Editor’s note: Following is a letter by Army Sgt. John Bruhns, excerpts of which were read on the floor of the U.S. House of Representatives by Rep. Marcy Kaptur (D-Ohio) on July 19, 2005.
I am a concerned veteran of the Iraq war. I am not an expert on the vast and wide range of issues throughout the political spectrum, but I can offer some firsthand experience of the war in Iraq through the eyes of a soldier. My view of the situation in Iraq will differ from what the American people are being told by the Bush administration. The purpose of this message is to voice my concern that we were misled into war and continue to be misled about the situation in Iraq every day. My opinions on this matter come from what I witnessed in Iraq personally.
George Bush and his political advisors have been successful in presenting a false image to the American people, that Saddam Hussein was an “imminent” threat to the security of the United States. We were told that there was overwhelming evidence that Saddam Hussein possessed a massive WMD program, and some members of the Bush administration even hinted that Saddam may have been involved in the 9/11 attacks.

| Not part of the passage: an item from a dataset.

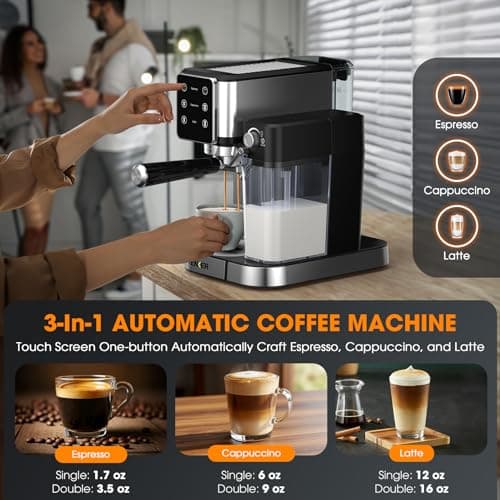 TENKER Espresso Machine, 20 Bar Cappuccino Machine with Automatic Milk Frother, 3-in-1 Coffee Machine, 1350W Dual Boiler Latte Maker, Touchscreen Espresso Coffee Maker, Stainless Steel 4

We now know most of the information given to us by the current administration concerning Iraq, if not all the information, was false. This was information given to the American people to justify a war. The information about weapons of mass destruction and a link to Osama bin Laden scared the American people into supporting the war in Iraq. They presented an atmosphere of intimidation that suggested if we did not act immediately there was the possibility of another attack. Bush said himself that we do not want the proof or the smoking gun to come in the form of a “mushroom cloud.” Donald Rumsfeld said, “We know where the weapons are.”

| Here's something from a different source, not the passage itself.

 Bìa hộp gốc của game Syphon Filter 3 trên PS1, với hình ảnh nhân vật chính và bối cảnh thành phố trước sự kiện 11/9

After 9/11, comments like these proved to be a successful scare tactic to use on the American people to rally support for the invasion. Members of the Bush administration created an image of “wine and roses” in terms of the aftermath of the war. Vice President Dick Cheney said American troops would be greeted as “liberators.” And there was a false perception created that we would go into Iraq and implement a democratic government and it would be over sooner rather than later. The White House also expressed confidence that the alleged WMD program would be found once we invaded.
I participated in the invasion, stayed in Iraq for a year afterward, and what I witnessed was the total opposite of what President Bush and his administration stated to the American people.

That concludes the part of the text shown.